Chromatic aberration is a second obstacle that often limits reductions in measurement spot sizes for ellipsometers. Chromatic aberration results when an optical system transports light in a wavelength dependent fashion. In spectral ellipsometers, the probe beam includes a range of wavelengths and chromatic aberration tends to create different measurement spot sizes for the different probe beam wavelengths. This is particularly true for spectral ellipsometers that use diffractive optical elements. The overall result is that the minimum size of the measurement spot is influenced by the range of wavelengths included in the probe beam and the amount of chromatic aberration present of the spectral ellipsometer.

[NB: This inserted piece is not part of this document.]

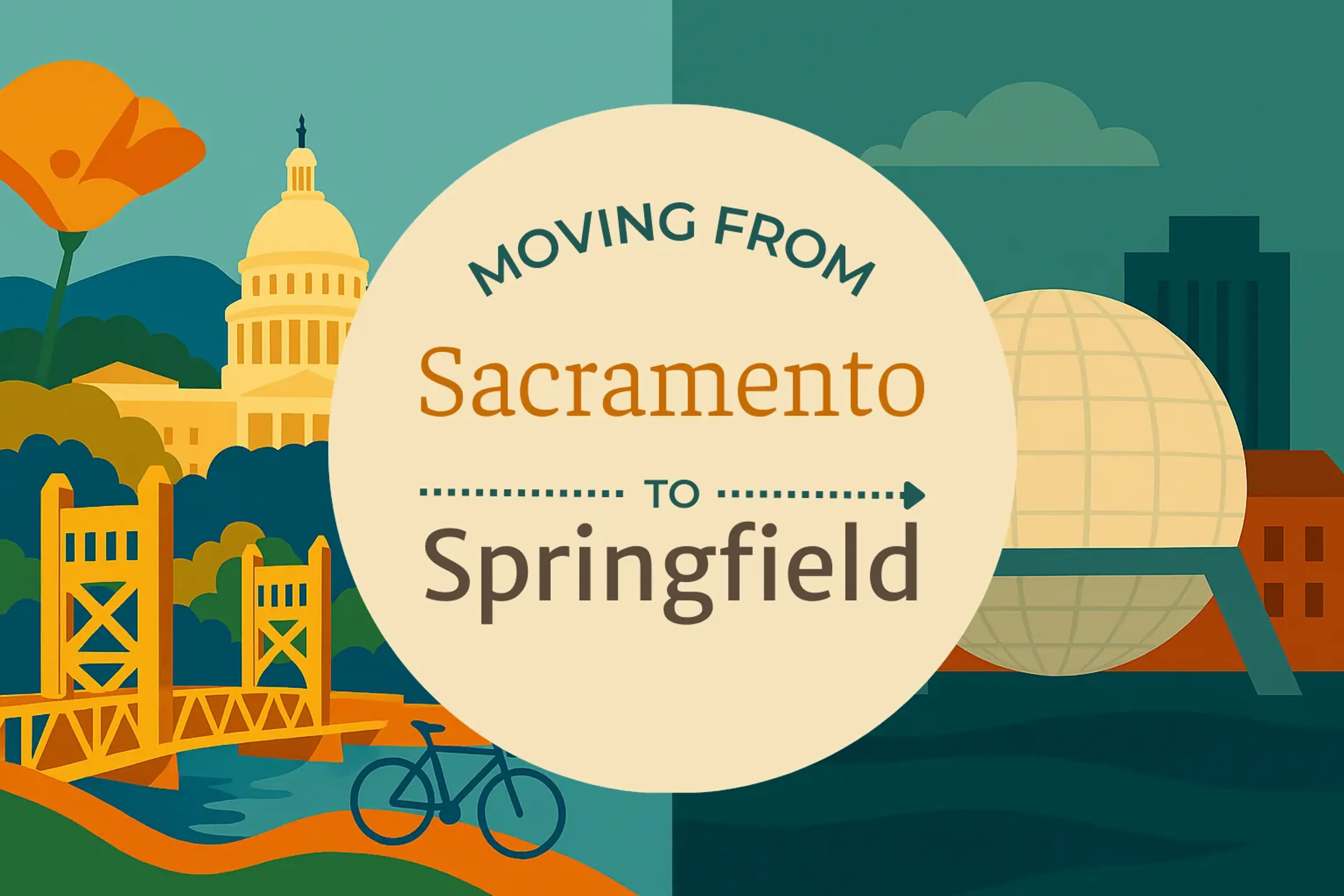 Side-by-side comparison of Sacramento to Springfield moving companies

One approach for reducing measurement spot sizes in ellipsometers is to use high numerical aperture lenses to perform measurement spot imaging. This is described, for example, in U.S. Pat. No. 5,596,411 (incorporated in this document by reference). The use of the high numerical aperture lens increases the accuracy with which the measurement spot may be imaged. The high numerical lens also creates a spread of angles of incidence all converging on a relatively small illumination spot. For some applications, the multiple angle of incidence approach provides an enhanced ability to deduce properties of the sample being analyzed. At the same time, the use of multiple angles of incidence increases the difficulty (i.e., computational complexity) of interpreting the resulting measurements. In some cases, this can make this particular approach impractical.
A second approach for reducing measurement spot sizes in ellipsometers is described in U.S. patent application Ser. No. 10/319,189, filed Mar. 13, 2002 (incorporated in this document by reference). For this approach, a shallow (or near normal) angle of incidence is used to produce a relatively small measurement spot size. In combination with the shallow angle of incidence, a rotating compensator is used to impart a wavelength dependent phase delay to the probe beam. A detector translates the reflected probe beam into a signal that includes DC, 2ω and 4ω signal components (where ω is the angular velocity of the rotating compensator). A processor analyzes the signal using the DC, 2ω and 4ω components. The use of the DC component allows thin film characteristics to be accurately analyzed without the need for larger angles of incidence. At the same time, the use of normal or near normal incidence has a tendency to reduce or eliminate the distinction between p and s polarized light and may make this approach unsuitable for some applications.
Based on the preceding description, it is clear that there is a continual need to produce ellipsometers that operate using smaller and smaller measurement spots. This need is particularly true for semiconductor manufacturing where structure sizes continue to decrease.